Extracted data START

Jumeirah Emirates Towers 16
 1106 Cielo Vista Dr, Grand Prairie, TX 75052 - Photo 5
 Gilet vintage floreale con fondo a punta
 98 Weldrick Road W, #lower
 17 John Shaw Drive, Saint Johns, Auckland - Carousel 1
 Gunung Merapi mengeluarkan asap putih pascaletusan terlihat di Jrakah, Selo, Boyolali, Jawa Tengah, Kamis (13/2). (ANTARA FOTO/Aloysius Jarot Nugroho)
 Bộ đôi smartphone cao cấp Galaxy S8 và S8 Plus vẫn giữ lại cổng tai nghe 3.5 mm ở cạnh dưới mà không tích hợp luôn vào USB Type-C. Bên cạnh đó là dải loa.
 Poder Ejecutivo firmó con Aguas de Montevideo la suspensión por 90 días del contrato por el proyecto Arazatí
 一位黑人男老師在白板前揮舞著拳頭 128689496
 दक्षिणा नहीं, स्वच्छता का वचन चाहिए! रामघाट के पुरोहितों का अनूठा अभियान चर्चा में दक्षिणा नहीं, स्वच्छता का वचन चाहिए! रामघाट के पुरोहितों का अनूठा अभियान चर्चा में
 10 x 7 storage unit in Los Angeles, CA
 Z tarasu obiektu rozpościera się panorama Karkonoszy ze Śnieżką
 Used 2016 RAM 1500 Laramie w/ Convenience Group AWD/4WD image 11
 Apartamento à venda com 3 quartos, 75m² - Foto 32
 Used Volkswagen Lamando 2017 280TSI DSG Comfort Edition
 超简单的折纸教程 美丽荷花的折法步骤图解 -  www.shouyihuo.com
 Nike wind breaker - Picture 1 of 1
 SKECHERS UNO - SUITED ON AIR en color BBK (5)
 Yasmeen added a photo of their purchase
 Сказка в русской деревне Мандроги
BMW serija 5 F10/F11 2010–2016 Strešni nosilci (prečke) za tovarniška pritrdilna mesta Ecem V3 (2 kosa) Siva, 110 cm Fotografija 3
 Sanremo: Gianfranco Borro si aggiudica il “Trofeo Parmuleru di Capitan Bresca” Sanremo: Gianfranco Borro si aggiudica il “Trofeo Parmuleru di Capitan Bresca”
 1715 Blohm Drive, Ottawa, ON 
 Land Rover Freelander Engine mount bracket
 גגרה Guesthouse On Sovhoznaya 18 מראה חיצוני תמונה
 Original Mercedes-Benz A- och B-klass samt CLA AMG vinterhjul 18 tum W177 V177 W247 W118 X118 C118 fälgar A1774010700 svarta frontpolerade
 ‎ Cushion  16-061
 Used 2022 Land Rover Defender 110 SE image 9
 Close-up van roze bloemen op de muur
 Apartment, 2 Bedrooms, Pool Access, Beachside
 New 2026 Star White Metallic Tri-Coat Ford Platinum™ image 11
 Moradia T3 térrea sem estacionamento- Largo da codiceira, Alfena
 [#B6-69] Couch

Extracted data END

◆ **What is expected**:
Your answer must be a single number: the count of lines above that contain the string "Used".

◆ **Exercise response**:
3